Prova Costume. Anche i papà la temono.


Sudiamo da fermi, siamo in piena estate e tra poco arriva il momento della prova costume per tutti, anche per i papà.

Riguardo la questione “fisico da spiaggia” i papà si dividono in due grandi macro categorie:

  • i super papà, quelli tutto addominali e tatuaggi, che scolpiti da anni e anni di sport e palestra raccolgono la prole in spiaggia come se fossero dei bilancieri.
  • i papà relax, quelli diciamo con il fisico della Simmenthal.

È inutile dirvi a quali delle due io appartenga, immagino possiate intuire.

Per dovere di cronaca devo anche dirvi che io la prova costume non l’ho mai superata.

Ma mai, nemmeno da bambino (sono nato con la panza incorporata).

Quindi diciamo che con la mia pancia rilassata ho imparato a conviverci e usarla anche come cuscino per Nina e come tamburello per Gennaro.
Ma il problema della “Prova Costume Papà”è la condivisione.

Vi spiego meglio (e vi racconto!).

Prima di diventare papà, io e la mia “amata” pancetta arrivavamo in spiaggia e ci parcheggiavamo (arenavamo forse è più esatto) comodi comodi sul lettino.
Ogni tanto facevo un tuffo, un gelatino, una biretta e ciao.
Partendo dal fatto che steso sul lettino la panza non si vede.
Poi appoggiavo un po’ di libri impegnati da Kafka a Tolstoj così era pancia sì, ma pancia da intellettuale.
E per andare al mare con la scusa della sabbia che scotta, corsetta veloce e puff in mare (chiaramente nell’acqua la panza non si nota).

Poi diventi papà ed ecco la situazione l’anno scorso: io, Gennarino (età un anno e mezzo) e Teresa incinta di sette mesi.
Capirete che ciao lettino, ciao Kafka, ciao panza nascosta.
Ti ritrovi non solo a correre appresso al bambino per tutta la spiaggia (anzi per tutto il litorale) ma sei anche obbligato a rapporti sociali di varia natura (dal chiedere scusa perché il bimbo ha riempito di sabbia l’asciugamano di un ignaro bagnante fino alle chiacchiere con i genitori alle giostrine).
Tutto sotto il sole, a 40 gradi.

Perciò non solo hai la pancia (anche più rilassata, che con due bambini chi lo tiene il tempo per mettersi in forma)  ma ti tocca pure condividerla in società.
Quindi immaginatevi un papà un po’ stempiatello, non più giovanissimo,  con la pancetta che corre (quindi con la panza che vibra) tutto sudato su una spiaggia qualunque in una regione qualunque.

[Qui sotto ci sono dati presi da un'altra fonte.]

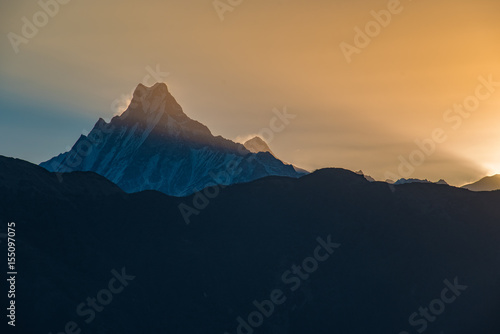 Sunrise over the snowy mountains with a panoramic view of the valley and foggy sky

Una scena alla Fantozzi, non credete?
Come fare allora?

Dopo avervi svelato le mie tecniche prima di Gennarino, ecco allora le mie strategie Prova CostumePapà (in altre parole vieni bocciato sì, ma nessuno se ne accorge):

– Scelgo accuratamente la spiaggia prediligendo quelle con un’età media di 67 anni.

Un’unica accortenza: dovreste imparare a giocare a Briscola, prima o poi incapperete in un agguerritissimo torneo over 65.

– Fingendo una scottatura, vado in giro con maglietta larga superleggera: così la panza è più chenascosta e può ballare liberamente anche se Gennarino ha deciso di farsi Napoli – Gaeta tutto di corsa sul bagnasciuga

– Terza regola, la più importante, “Me ne fotto”: ho già due figli (e due nipoti) bellissimi, mica posso essere pure affisicato.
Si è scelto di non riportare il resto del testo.